PROBLEM REQUIREMENTS.
From the line containing "Насос циркуляционный ZOTA" down to the last line of the entries, print each line exactly and leave the pictures out.

··· SUPPLIED RECORDS ···

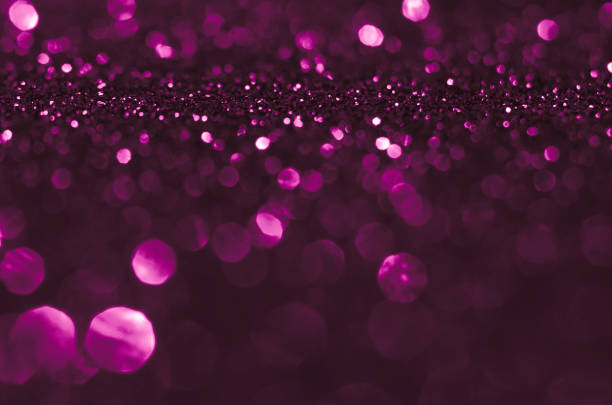 istock festive background of purple color 1411011032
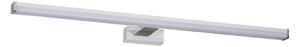 Kanlux 26682 - LED Rasvjeta za ogledalo u kupaonici ASTEN LED/15W/230V IP44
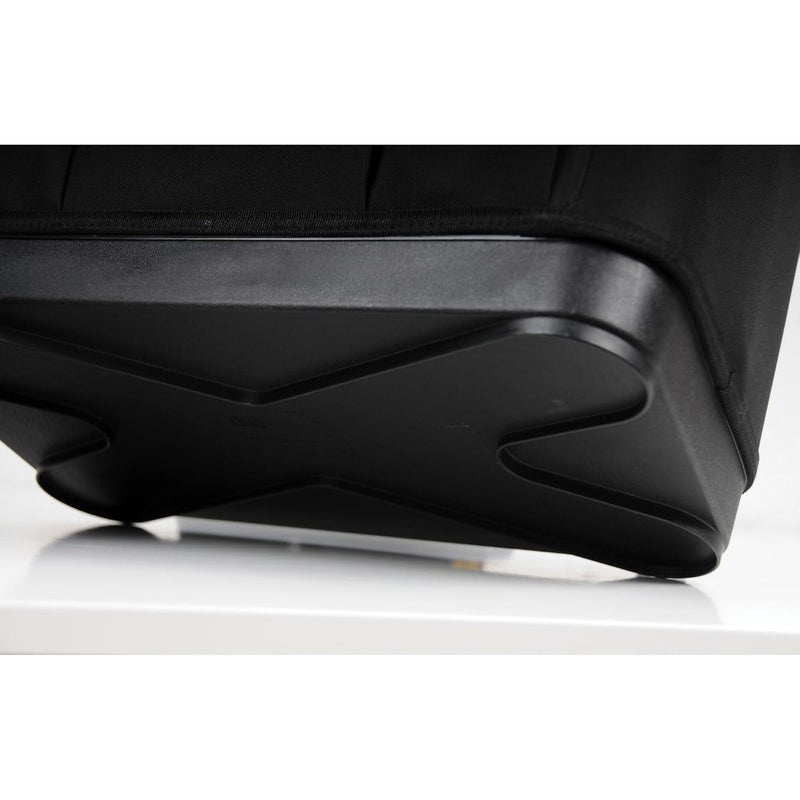 STANLEY 196193 Essential Rigid Multipurpose Tool Bag 176x99x103 cms 138 kg Tools Not Included - Image 5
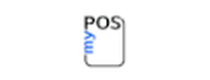 Кэшбэк в myPOS DE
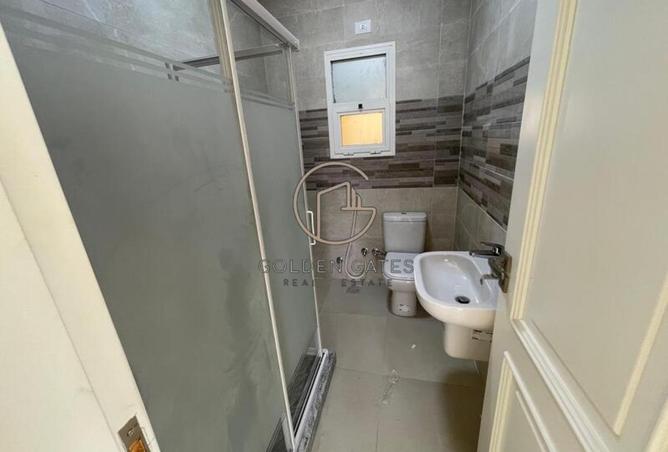 8524302 - Property Image 2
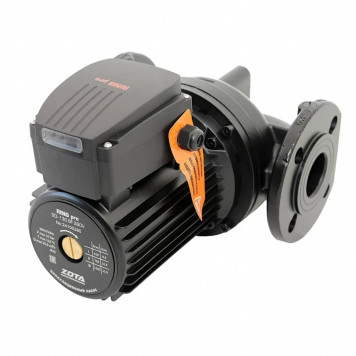 Насос циркуляционный ZOTA RING pro 40-180SF (3 скорости) 380V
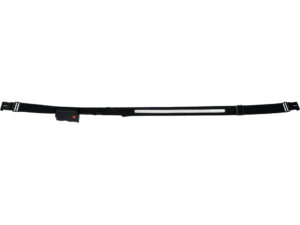 LAMPĂ ILUMINAT COMPARTIMENT MOTOR 1200LM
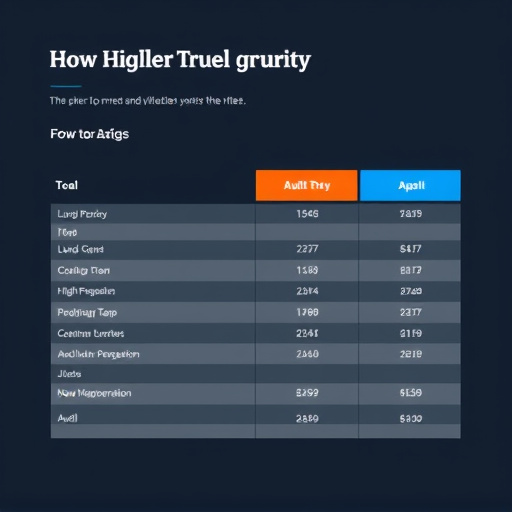 gohighlevel-audit-pricing-640x480-18206653.jpeg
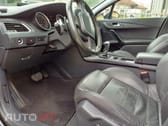 Peugeot 508 1.6 e-HDi Active 2-Tronic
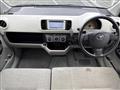 2011 Toyota Passo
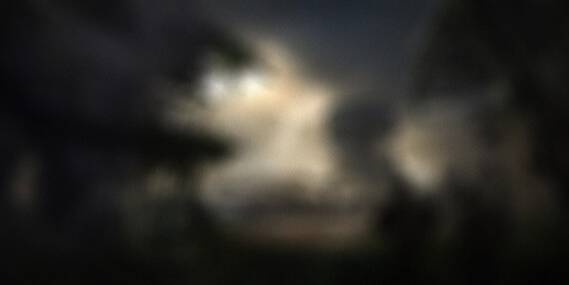 Another Blurry Image for Respawn Entertainment New IP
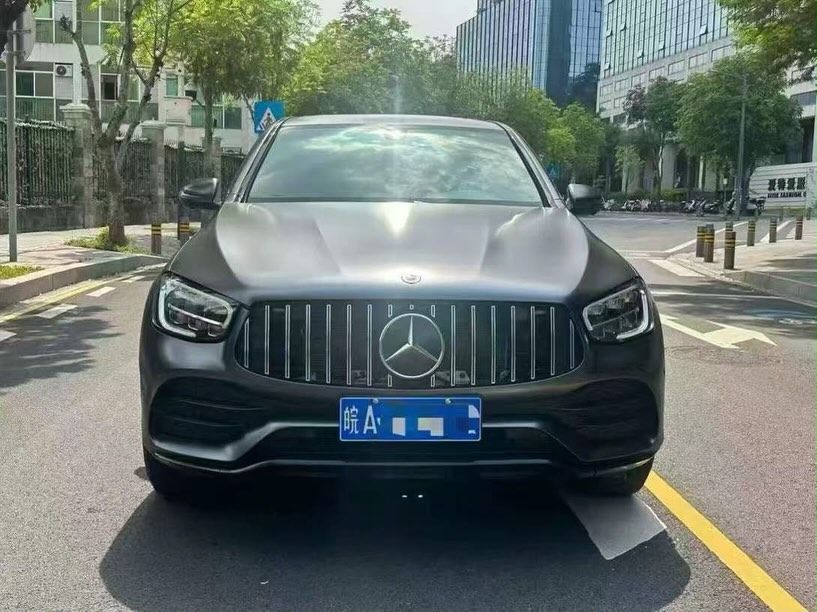 Vehicle - Image 7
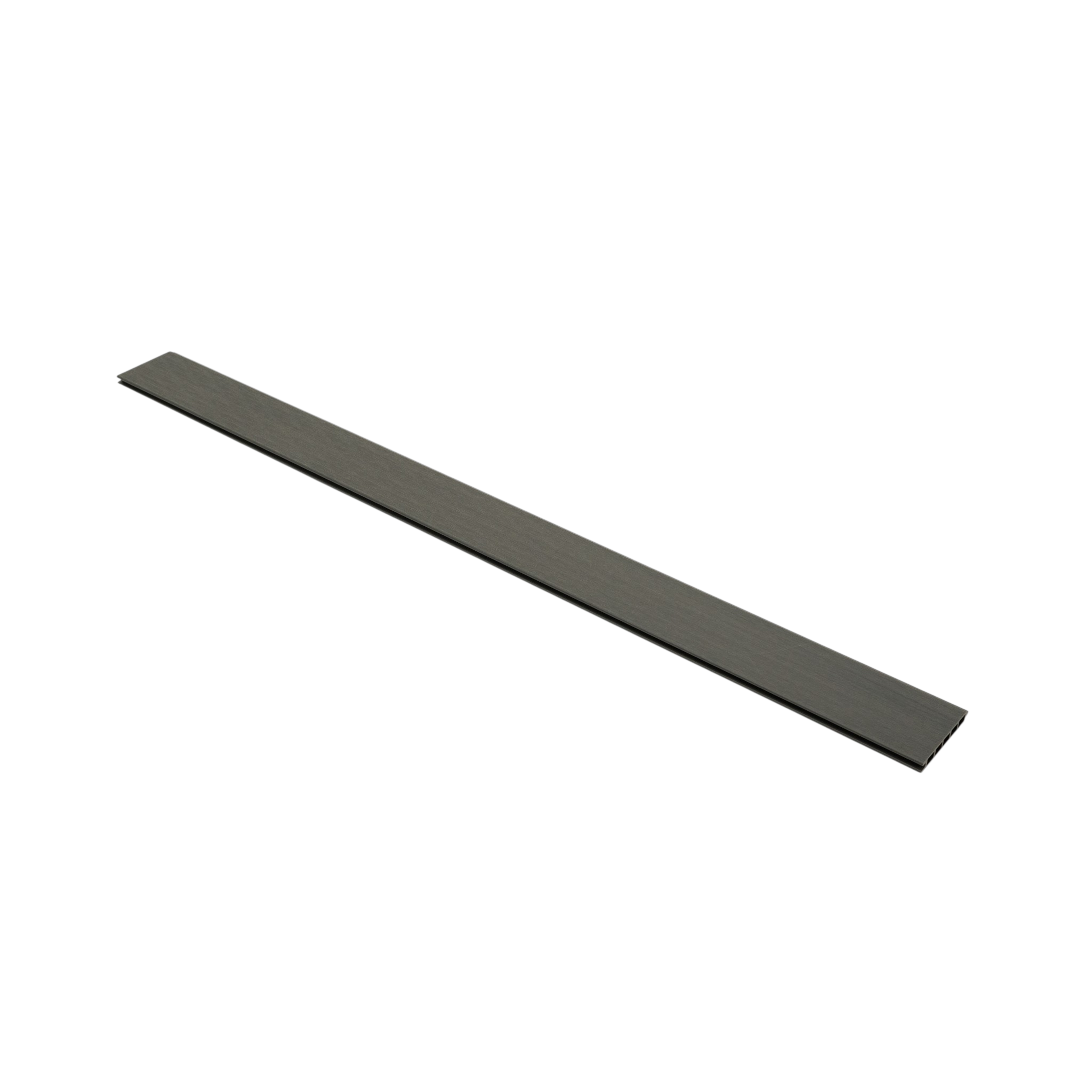sku-premium-1780-dark-grey_description-1.png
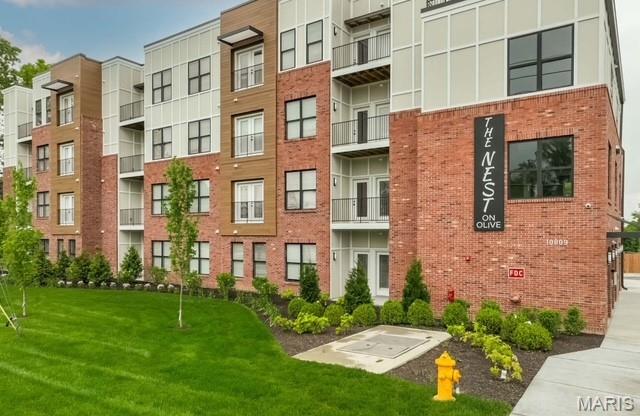 M B Oreilly Farm Lt Pt 4 Lt - Residential Lease
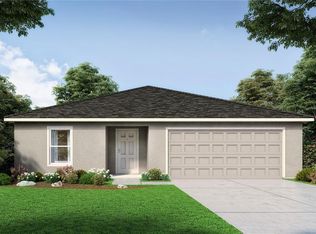 8809 Pine Bark Way, Wildwood, FL 34785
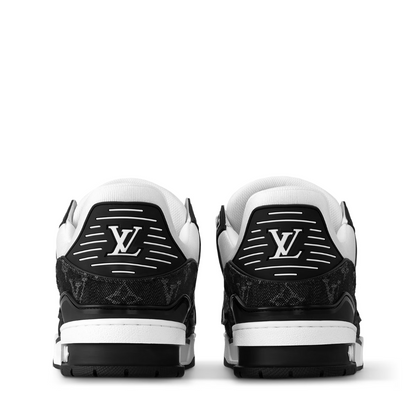 LV Shoes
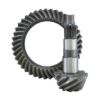 Picture of Yukon Gear and Axle Differential Ring and Pinion - YG D44R-456R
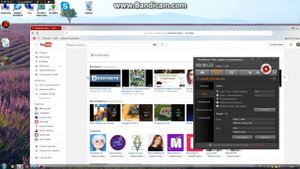 Как найти видео в ютубе если не знаешь названия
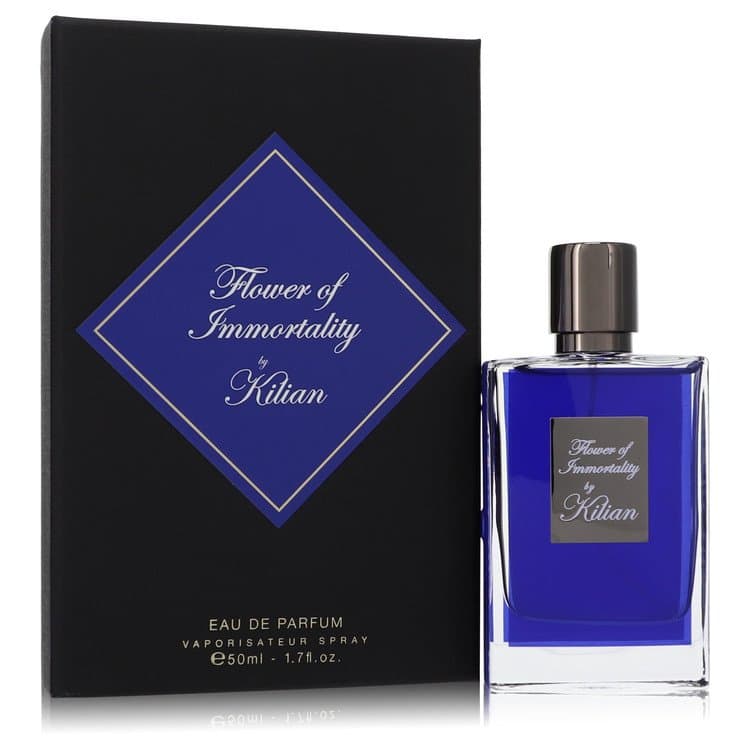 Kilian Flower Of Immortality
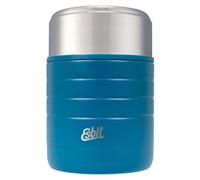 Esbit Food Thermos Majoris 0,6 l Couleur : bleu
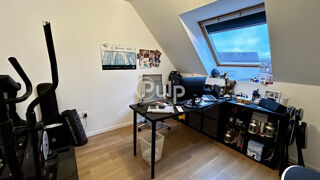  Maison � vendre 4 pi�ces 80 m�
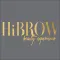 HiBrow Beauty Experience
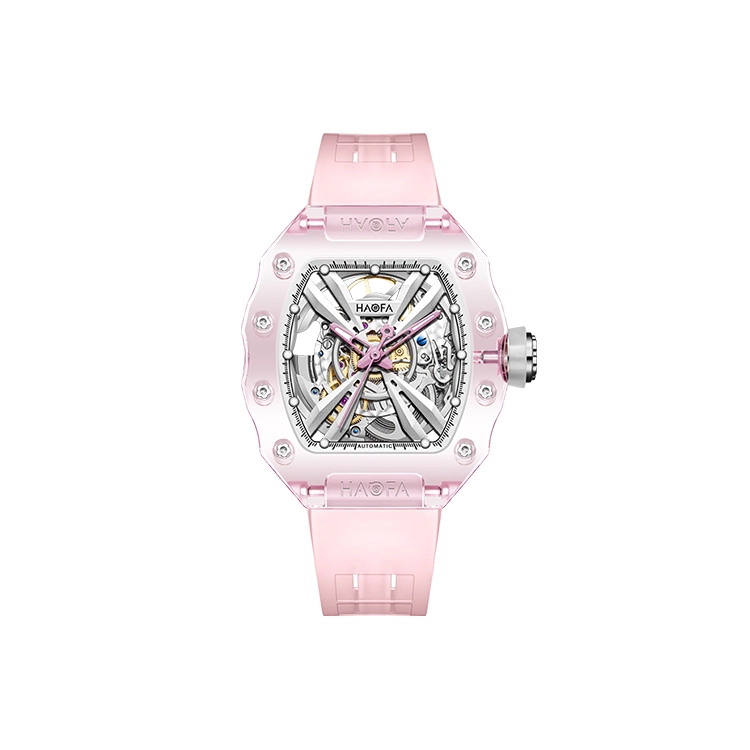 Tourbillon3D 2302-A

···

ANSWER TO THE EXERCISE.
 Насос циркуляционный ZOTA RING pro 40-180SF (3 скорости) 380V
 LAMPĂ ILUMINAT COMPARTIMENT MOTOR 1200LM
 gohighlevel-audit-pricing-640x480-18206653.jpeg
 Peugeot 508 1.6 e-HDi Active 2-Tronic
 2011 Toyota Passo
 Another Blurry Image for Respawn Entertainment New IP
 Vehicle - Image 7
sku-premium-1780-dark-grey_description-1.png
 M B Oreilly Farm Lt Pt 4 Lt - Residential Lease
 8809 Pine Bark Way, Wildwood, FL 34785
 LV Shoes
 Picture of Yukon Gear and Axle Differential Ring and Pinion - YG D44R-456R
 Как найти видео в ютубе если не знаешь названия
 Kilian Flower Of Immortality
 Esbit Food Thermos Majoris 0,6 l Couleur : bleu
  Maison � vendre 4 pi�ces 80 m�
 HiBrow Beauty Experience
 Tourbillon3D 2302-A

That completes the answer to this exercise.